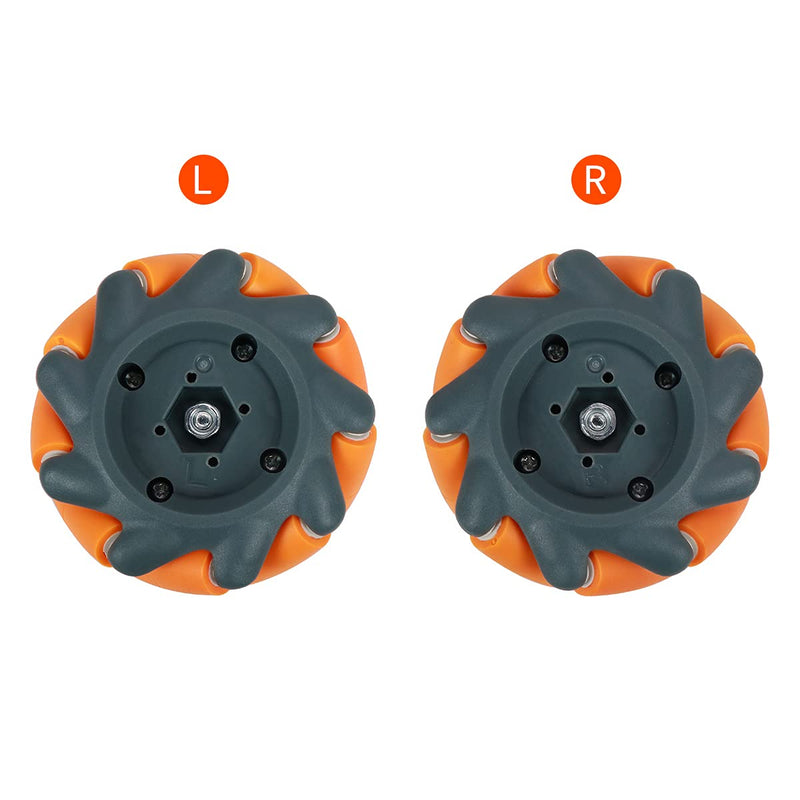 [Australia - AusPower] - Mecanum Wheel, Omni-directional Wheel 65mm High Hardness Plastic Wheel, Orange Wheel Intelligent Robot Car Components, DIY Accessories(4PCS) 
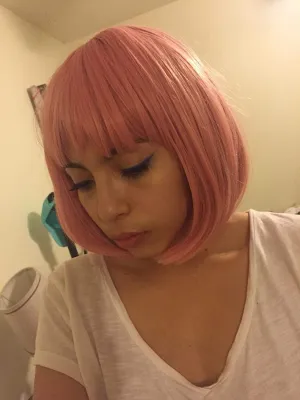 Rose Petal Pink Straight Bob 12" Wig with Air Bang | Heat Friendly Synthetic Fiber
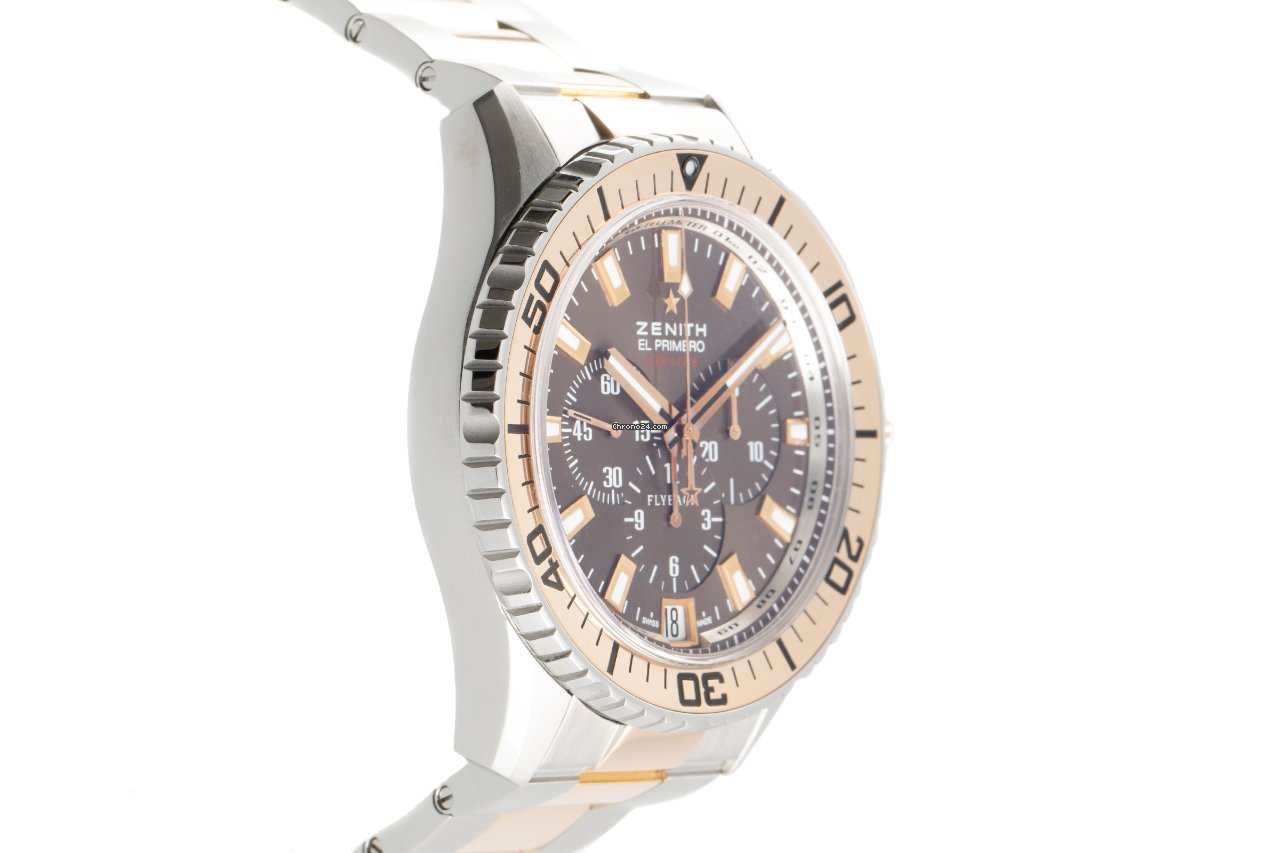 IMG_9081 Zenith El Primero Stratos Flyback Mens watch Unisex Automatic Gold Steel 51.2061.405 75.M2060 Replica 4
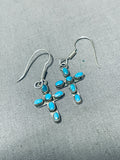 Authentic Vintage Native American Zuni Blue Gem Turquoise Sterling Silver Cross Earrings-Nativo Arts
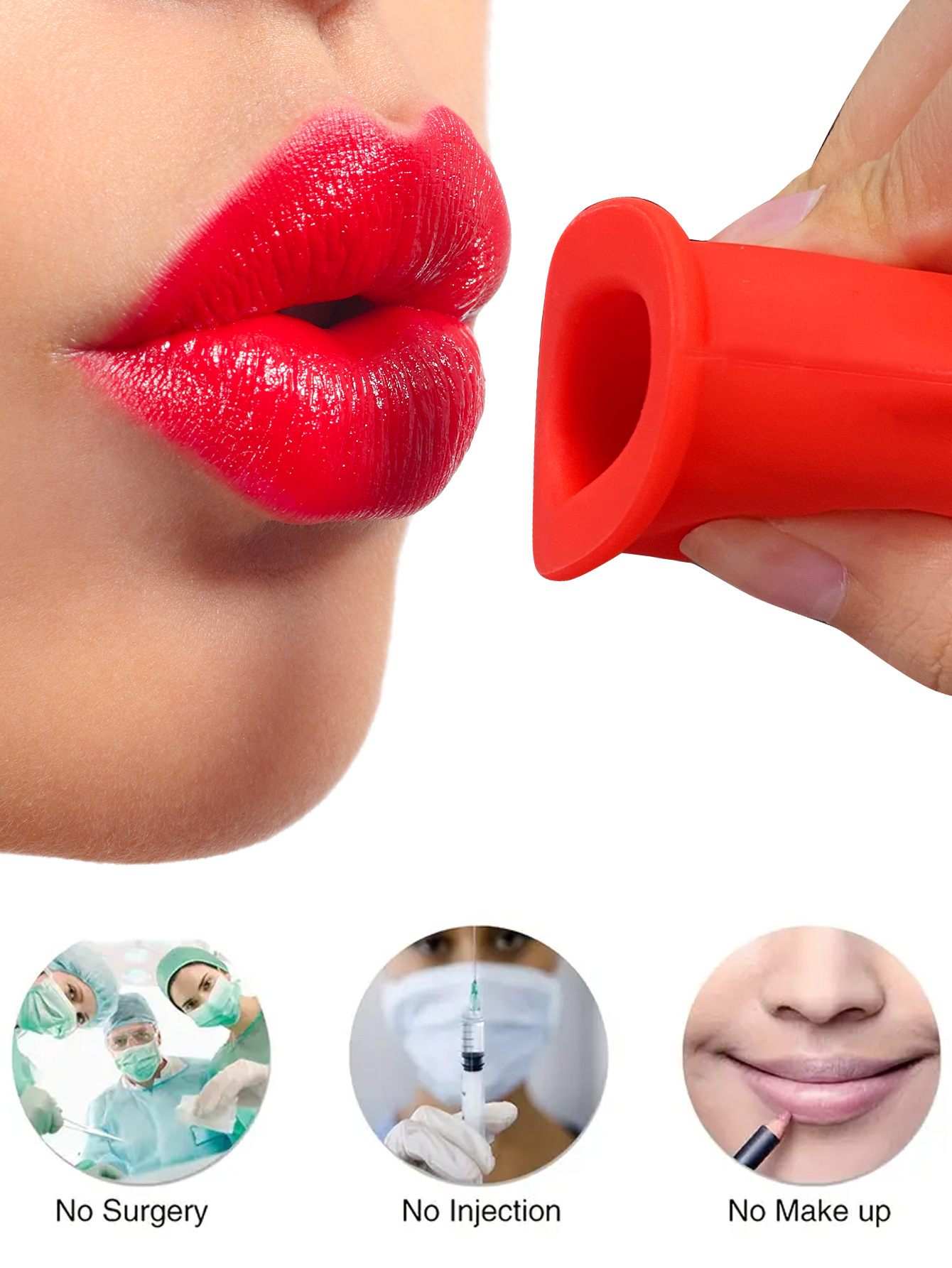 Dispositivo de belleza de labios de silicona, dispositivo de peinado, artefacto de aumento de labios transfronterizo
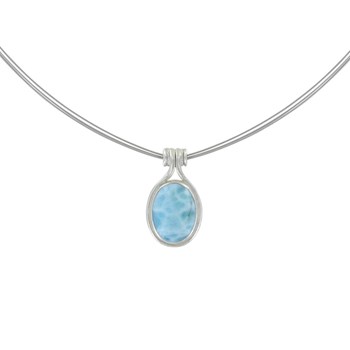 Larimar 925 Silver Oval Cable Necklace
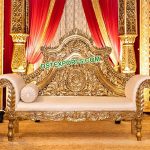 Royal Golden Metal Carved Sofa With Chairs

--- What is being asked ---
Each line of the data above should be reproduced without alteration, and no picture should appear in the copy.

--- Answer ---
 [Australia - AusPower] - Mecanum Wheel, Omni-directional Wheel 65mm High Hardness Plastic Wheel, Orange Wheel Intelligent Robot Car Components, DIY Accessories(4PCS) 
 Rose Petal Pink Straight Bob 12" Wig with Air Bang | Heat Friendly Synthetic Fiber
 IMG_9081 Zenith El Primero Stratos Flyback Mens watch Unisex Automatic Gold Steel 51.2061.405 75.M2060 Replica 4
 Authentic Vintage Native American Zuni Blue Gem Turquoise Sterling Silver Cross Earrings-Nativo Arts
 Dispositivo de belleza de labios de silicona, dispositivo de peinado, artefacto de aumento de labios transfronterizo
 Larimar 925 Silver Oval Cable Necklace
 Royal Golden Metal Carved Sofa With Chairs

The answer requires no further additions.